Listen, underwater just isn’t as attractive to people anymore. I remember as a kid submarines and a looking at the Titanic which drones were an exciting conversation. We have space now, fucking aliens and intergalactic battles. Simply put, the ocean, no matter how large it is, just isn’t as interesting anymore. That doesn’t mean it can’t be interesting, but going back to my previous point that every opportunity seems to be squandered. Also, if you’re interested Comics to the Maxx (one of our podcasts) has a great Aquaman idea.
There are some glimmers of hope in this issue. I have no idea what chunk of the story I’m coming in on, but Arthur is “dead” to the world, and this “new” Aquaman has taken the mantle. He goes by a different name and is referred to as “The Aquaman.” The throne has been taken over by a dude wielding old magic, and he’s looking to eliminate the people that have mutated in the water. There are two different powers at play trying to guide Aquaman, and uneasy alliances are being made.
Frankly put, Dan Abnett has slowly fixed the fuck out of Aquaman. Abnett understands once of the core things about Aquaman world; it’s all about royalty and politics. There have been a few others that have attempted the same. The Kurt Busiek run had some similar themes, but then eventually got lost in crossovers and the constant question of “is that Aquaman?” got old after a while.
Here’s the thing, you can’t just have a king. That’s boring. That’s Namor, and no one gives a fuck. With royalty, it’s about what’s hidden from the public eye that’s interesting. A dude wielding old magic that was seal has put a crown of thorns around the city. A little bit of Jesus, a lot a bit of magic. Then there’s a secret network of another religion working to govern society, and you seamlessly have drama from all sides. Now, hopefully, Abnett has been watching a lot of The Crown and knows that you can’t just air this all out and burn storylines. It doesn’t seem like that’s his goal, but it’s Aquaman… shit tends to go down this way. The political aspect is tied in with the royalty but extends further as there is a race element to the story as well. The human looking ocean people and the “sea-affected” people or whatever they're called. This is where characters like King Shark come into play, which was the only character design I didn’t like. I also didn’t like how everyone seemed to know about Batman underwater… like, really? Why? Whatever, he’s a heavy metal criminal right now.

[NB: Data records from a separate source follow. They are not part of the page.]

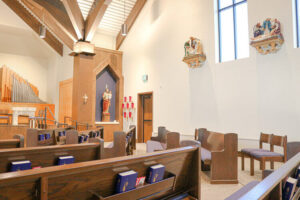 St. John Paul II Catholic Parish interior of sanctuary seating in the nave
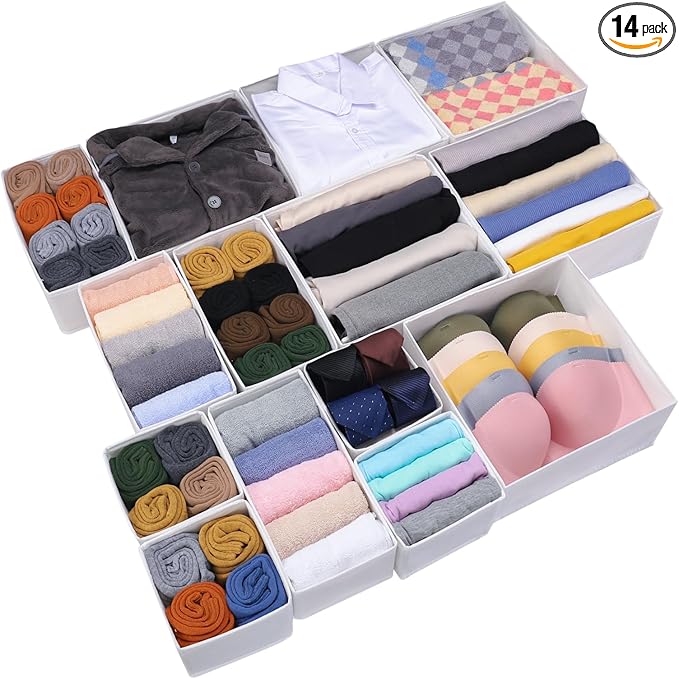 Foldable Dresser Drawer Organizers for Clothes, Underwear, Socks, Bras - Cloth Storage Box Divider Basket Bins, 14 Pack (White)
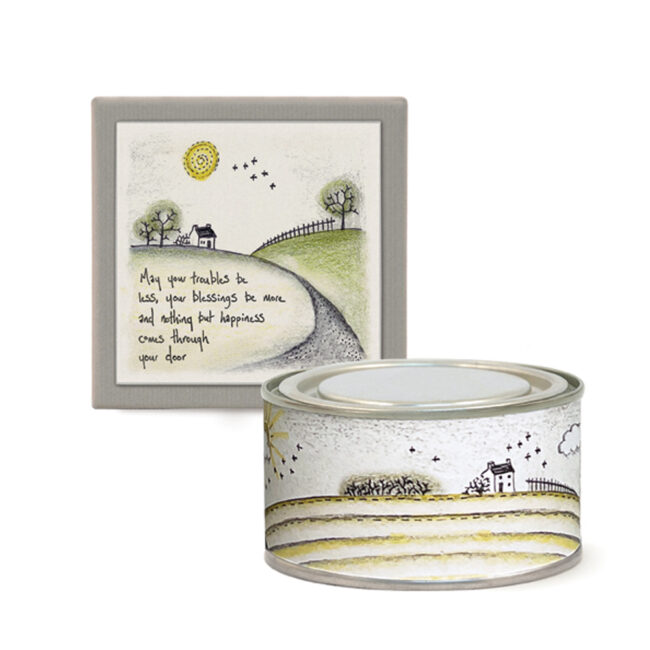 BOXED CANDLE "MAY YOUR TROUBLES BE LESS" 8X8X5CM - Image 4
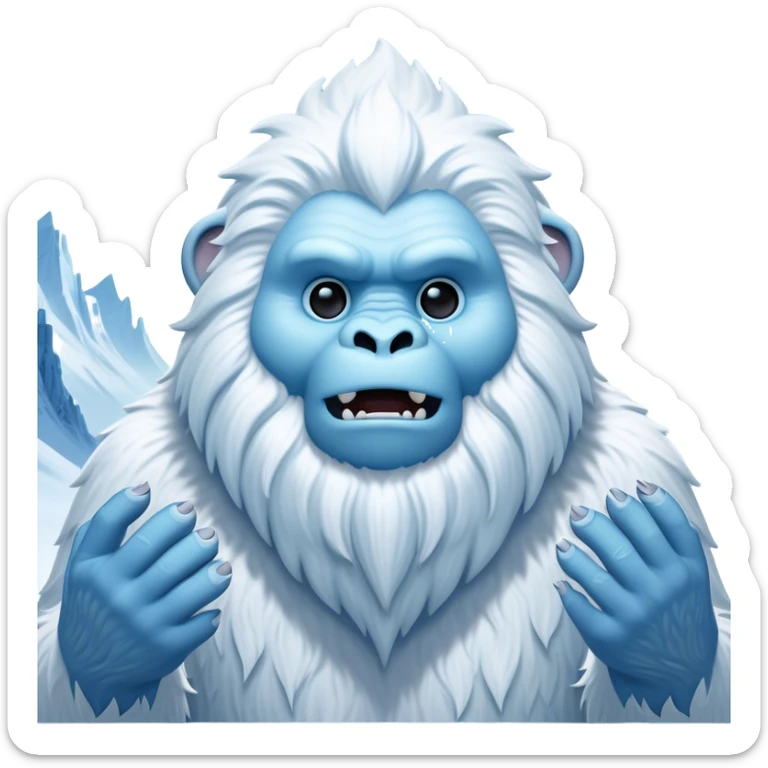Cinematic Noble Yeti Portrait Emoji, Grand and enigmatic, with a towering, snow-dusted figure in pristine whites and cool blues, exuding ancient, mystical wisdom and stoic majesty, simplified yet exquisitely detailed with frosty textures, glowing with a gentle, icy outline that captures the awe-inspiring presence of a guardian of the frozen wilds! sticker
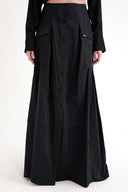 Black Gathered button detailed skirt 81321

The art is freaking gorgeous. Everything is photorealistic, and it sells the world. Frankly, this book looks better than Batman and Superman and that’s what you need. If people are going to tune into Aquaman, if you’re going to win people over to this book, you need stunning art. Granted, the level of detail here all but assures that there will be multiple artists on the series, but if each is as detailed or able to give a unified look, then it’ll bring people in. I believe that because it worked for me. I haven’t read this series since issue six. The coloring is also gorgeous, it looks like its underwater, but without it being painful to look at. There’s a sense of the world, a look to it, but everyone isn’t smiling and swimming around erratically. Hell, people were full clothing instead of being in thongs and mid-drifts.
It’s likely that I’ll be back for more Aquaman. I don’t know if I’ll always review it, but this issue warranted a review. Without even knowing the landscape of the story arc, I was able to jump into it and thoroughly enjoy it. There’s some dialogue that was meh, and some of the action is stiff, but damn, this was a good read and beautiful to look at. As strange as it is to say, give Aquaman a shot. Put the movie version and the all the other nonsense out of your head first and just enjoy it for what the political sea-opera that it is.